** Image-text web data **
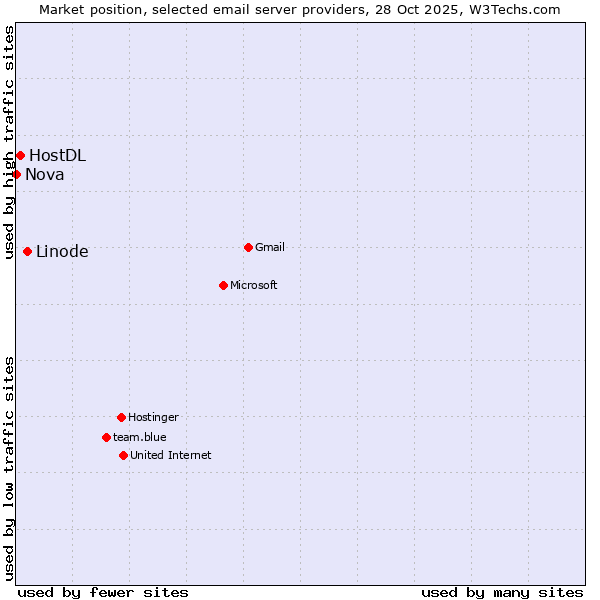Market position of Linode vs. HostDL vs. Nova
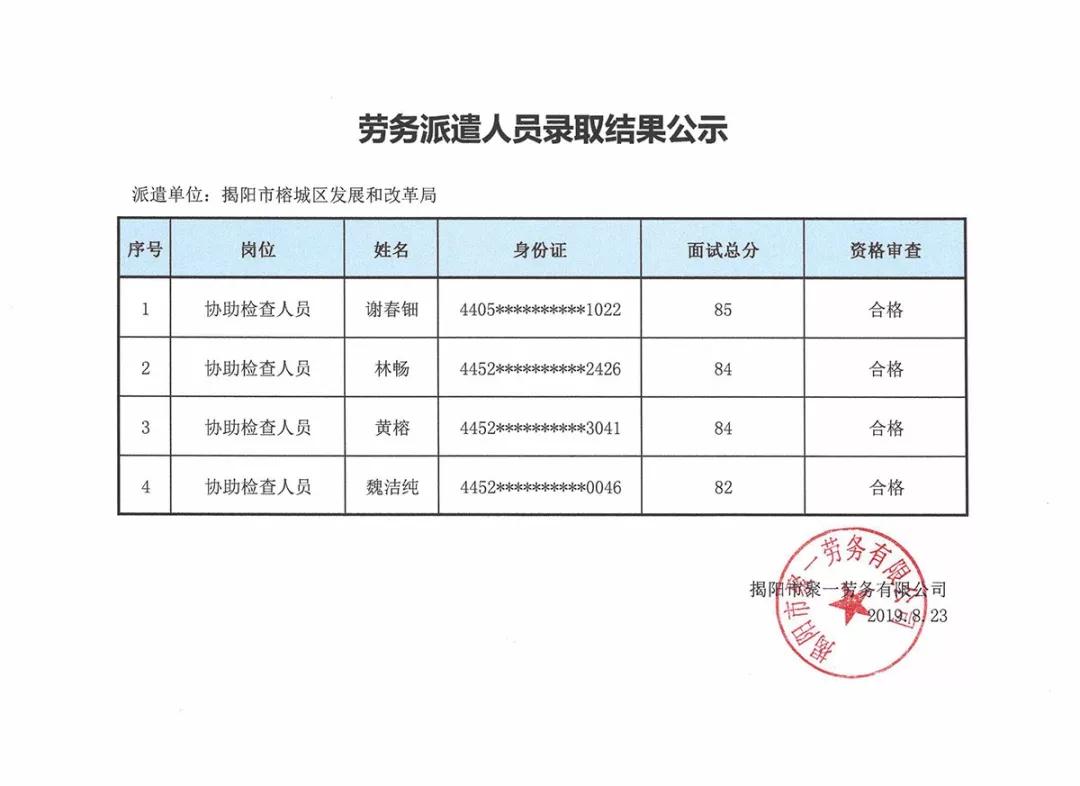 南岗区发展和改革局最新招聘概览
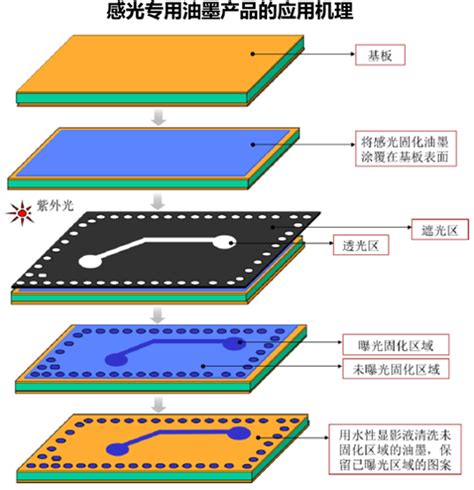 PCB材料-深圳市思多电路技术有限公司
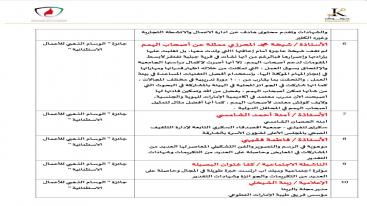 WhatsApp-Image‏-2024-09-13-at-22.32.48-7ndknjofj4zrykb63i6qlw1f4fi0hb7ixjdkgf8hglf المؤتمر الدولي " إماراتية لا تعرف المستحيل " النسخة الثانية "  14/09/2024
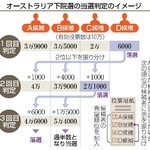 　オーストラリア下院選の当選判定のイメージ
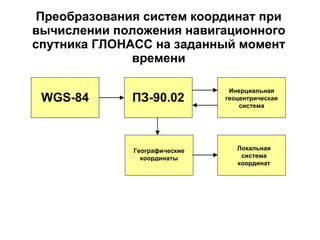 Преобразования систем координат при вычислении положения навигационного спутника ГЛОНАСС на заданный момент времени WGS-84 ПЗ-90.02 Инерциальная геоцентрическая система Географические координаты Локальная система координат 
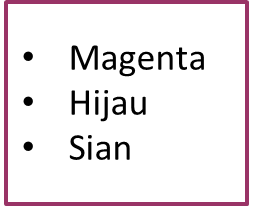 Soalan Objektif Fizik Tingkatan 4 Bab 1 - Contoh Woke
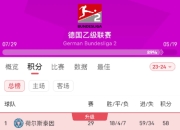 米兰体育官方网站-沙尔克遭遇失利，降级形势严峻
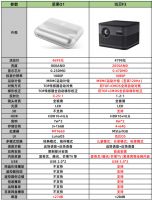坚果O1怎么样？和当贝F3相比，哪款投影仪性价比更高？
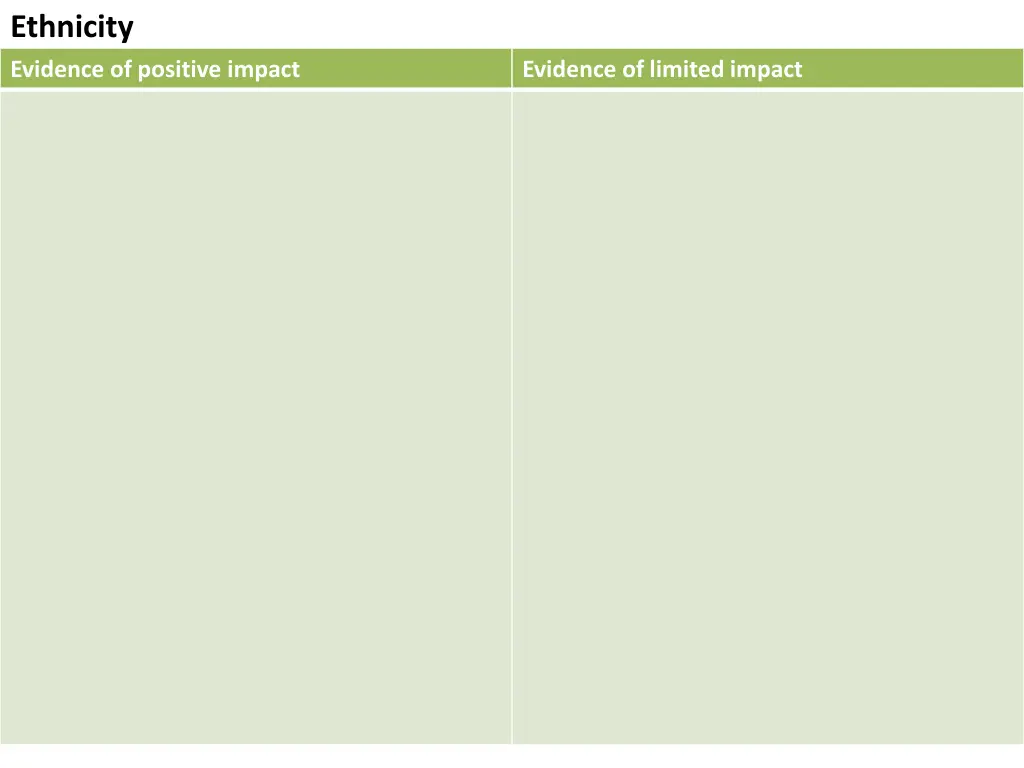 ethnicity evidence of positive impact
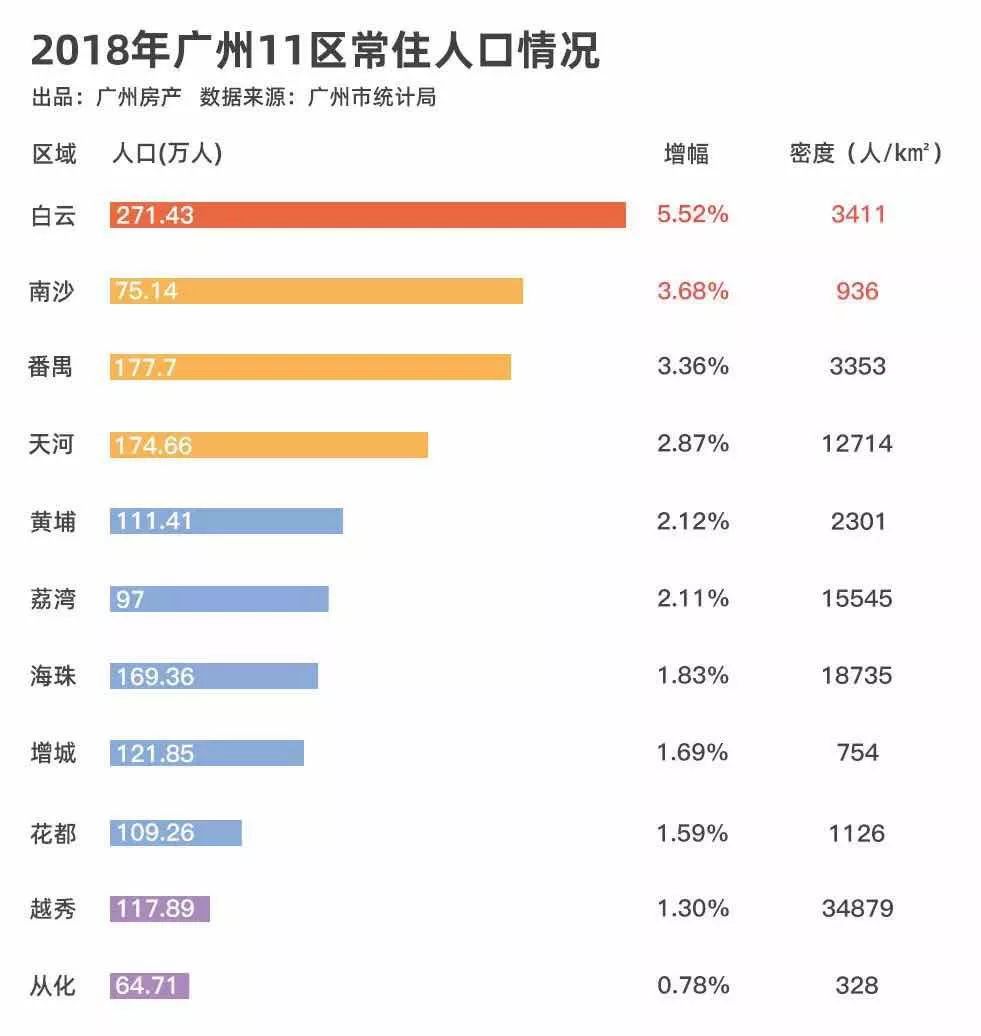 271万人口_人口普查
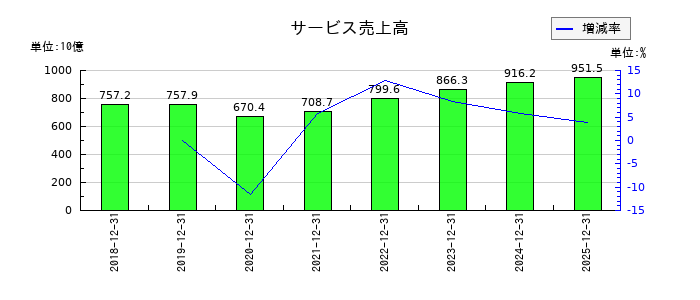 キヤノンのサービス売上高の推移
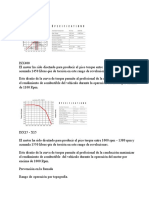 Ficha Tecnica ISX 400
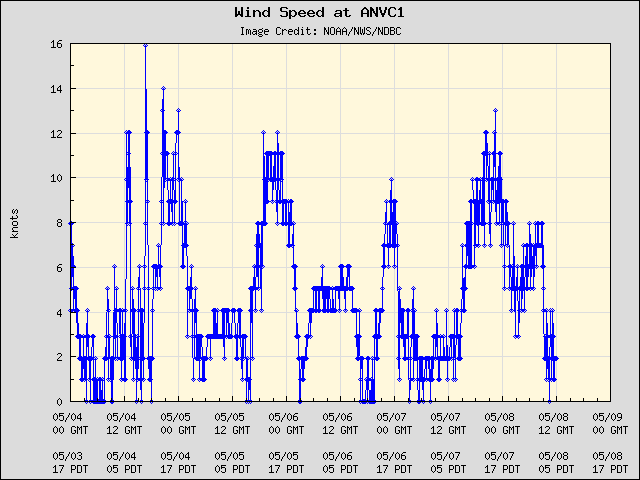 5-day plot - Wind Speed at ANVC1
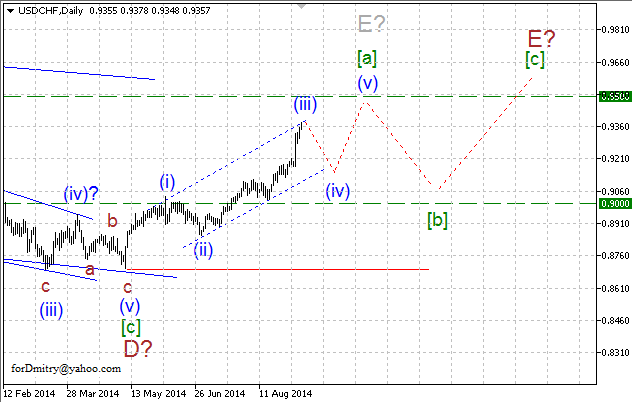 Волновой анализ EUR/USD, GBP/USD, USD/CHF и USD/JPY на 09.09.2014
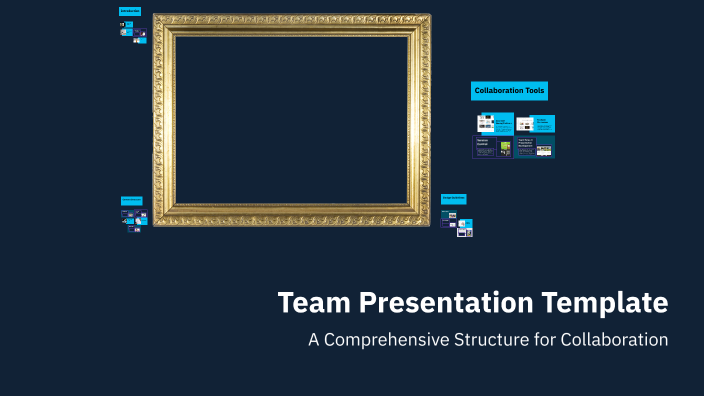 Team Presentation Template by Shiri Chen on Prezi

** Activity **
Omit the pictures, then output every record exactly as given.

** Response to this task **
Market position of Linode vs. HostDL vs. Nova
 南岗区发展和改革局最新招聘概览
 PCB材料-深圳市思多电路技术有限公司
 WhatsApp-Image‏-2024-09-13-at-22.32.48-7ndknjofj4zrykb63i6qlw1f4fi0hb7ixjdkgf8hglf المؤتمر الدولي " إماراتية لا تعرف المستحيل " النسخة الثانية "  14/09/2024
 　オーストラリア下院選の当選判定のイメージ
 Преобразования систем координат при вычислении положения навигационного спутника ГЛОНАСС на заданный момент времени WGS-84 ПЗ-90.02 Инерциальная геоцентрическая система Географические координаты Локальная система координат 
 Soalan Objektif Fizik Tingkatan 4 Bab 1 - Contoh Woke
 米兰体育官方网站-沙尔克遭遇失利，降级形势严峻
坚果O1怎么样？和当贝F3相比，哪款投影仪性价比更高？
 ethnicity evidence of positive impact
 271万人口_人口普查
 キヤノンのサービス売上高の推移
 Ficha Tecnica ISX 400
 5-day plot - Wind Speed at ANVC1
 Волновой анализ EUR/USD, GBP/USD, USD/CHF и USD/JPY на 09.09.2014
 Team Presentation Template by Shiri Chen on Prezi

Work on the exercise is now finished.